In Pennsylvania, an emotional support animal is a small, domesticated animal that provides comfort and support to a person dealing with mental or emotional health issues. An emotional support animal is not a service animal. A service animal receives individualized training to fulfill a task to assist their owners. For instance, dogs who warn their owners of impending seizures can spend years learning to do so. 

On the other hand, ESAs don’t require any specialized training. Instead, just their presence helps their owners deal with mental or emotional health disorders.

Laws that Protect Emotional Support Animals in Pennsylvania

The Pennsylvania Human Relations Act makes it illegal to discriminate against people who use support animals. In addition, the Fair Housing Act, a federal law, protects ESA owners in every state. 
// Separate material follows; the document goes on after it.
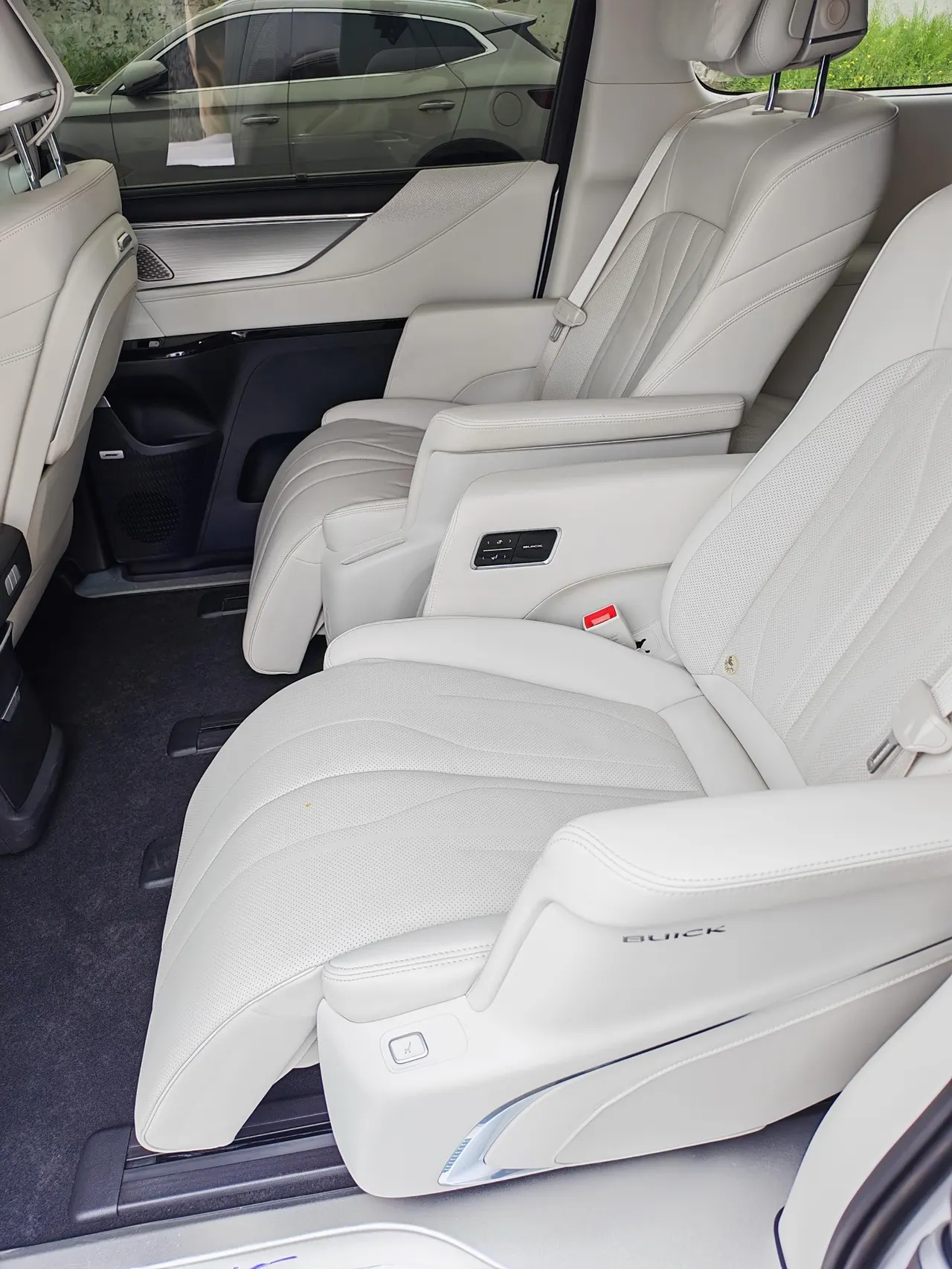 Buick 2024 GL8 Lu Zun PHEV 1.5T Exclusive Edition 7-seat Automatic Gear 2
Under the Fair Housing Act, landlords must allow for emotional support animals even if their building or lease bans all pets. They cannot charge any fees or deposits for emotional support animals or apply breed, weight, or size restrictions. 

There are limitations, of course. For example, landlords do not have to accommodate an emotional support animal that has displayed behavior that threatens the health and safety of other tenants. Some smaller landlords are also exempt from ESA Fair Housing rules, such as owner-occupied buildings with no more than four units and single-family houses sold or rented by the owner without the use of an agent.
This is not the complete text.